I'm learning Residual Networks (ResNet50) from Andrew Ng coursera lectures. I understand that one of the main reasons why ResNets work is that they can learn identity function and that's why adding more and more layers in network does not hurt the performance of the network.
Now as described in lectures, there are two type of blocks are used in ResNets: 1) Identity block and Convolutional block.

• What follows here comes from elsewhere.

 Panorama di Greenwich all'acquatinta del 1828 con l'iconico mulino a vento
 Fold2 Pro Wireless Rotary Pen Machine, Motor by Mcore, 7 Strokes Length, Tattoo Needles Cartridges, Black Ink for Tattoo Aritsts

Identity Block is used when there is no change in input and output dimensions. Convolutional block is almost same as identity block but there is a convolutional layer in short-cut
path to just change the dimension such that the dimension of input and output matches.
Here is identity block:
and here is convolutional block:
Now in implementation of convolutional block (2nd image), First block (i.e. conv2d --> BatchNorm --> ReLu
is implemented with 1x1
convolution and stride > 1.
# First component of main path
X = Conv2D(F1, (1, 1), strides = (s,s), name = conv_name_base + '2a', padding = 'valid', kernel_initializer = glorot_uniform(seed=0))(X)
X = BatchNormalization(axis = 3, name = bn_name_base + '2a')(X)
X = Activation('relu')(X)
I don't understand the reason behind keeping stride > 1 with window size 1. Isn't it just data loss? We are just considering alternate pixels in this case.
What should be the possible reason for such hyperparameter selection? Any intuitive explanation will help! Thanks.